When I started shooting with an SLR camera, in 1984, we were taught to use whichever eye we saw best through. The dominant eye has more neural connectors between it and the brain, and we would need those to determine if a shot was in focus. It wasn't so hard, because in those days, the viewfinders of SLR cameras were typically centred and the backs of camera bodies weren't covered in buttons waiting to be bumped by left-eyed photographers' noses.
But even back then, there were left-eyed photographers who were happy to use their right eyes. I'm thinking of photojournalists and street photographers, big fans of rangefinder cameras that have viewfinders off to the left. They can use their lazy right eyes with these cameras, because focusing and framing news and street photos isn't really that hard. Most such photos are taken using the zone focus method (basically, a small aperture so more of the scene is in focus) and a wide angle lens to frame all of the action, plus a bit more. The critical thing for these photographers is situational awareness and timing, that I presume left-eyed photographers were even more skilled at, having their dominant eyes free for surveying the scene.

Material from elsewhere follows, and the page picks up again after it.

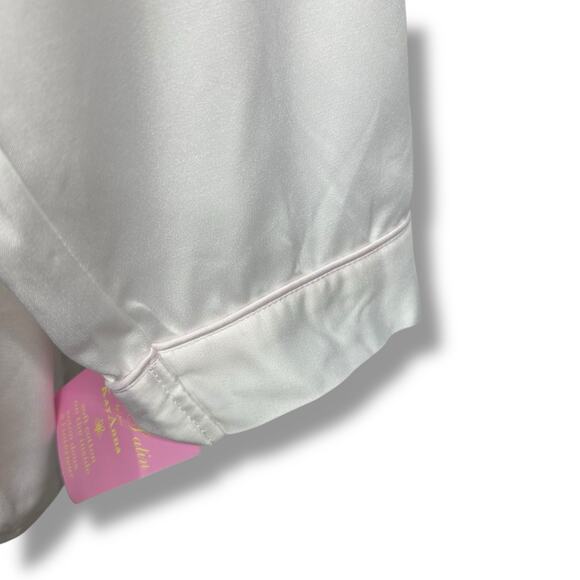 Kay Anna Pajama Set Brushed Back Satin White Embroidered Floral Cottage 3X New - Picture 15 of 16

But for someone like me, shooting portraits where everything except models' faces are blurred, focus is crucial. Just picking a deep focal zone and putting my lazy right eye to the viewfinder, was never an option for me. And anyway, why would I, when I had my photography teachers lavishing praise on me for my "good eye"? The fact that it was my left one, was neither here nor there to my teachers. What mattered was that I could find focus and find contrasting light and strong compositions. My left eye was serving me grandly!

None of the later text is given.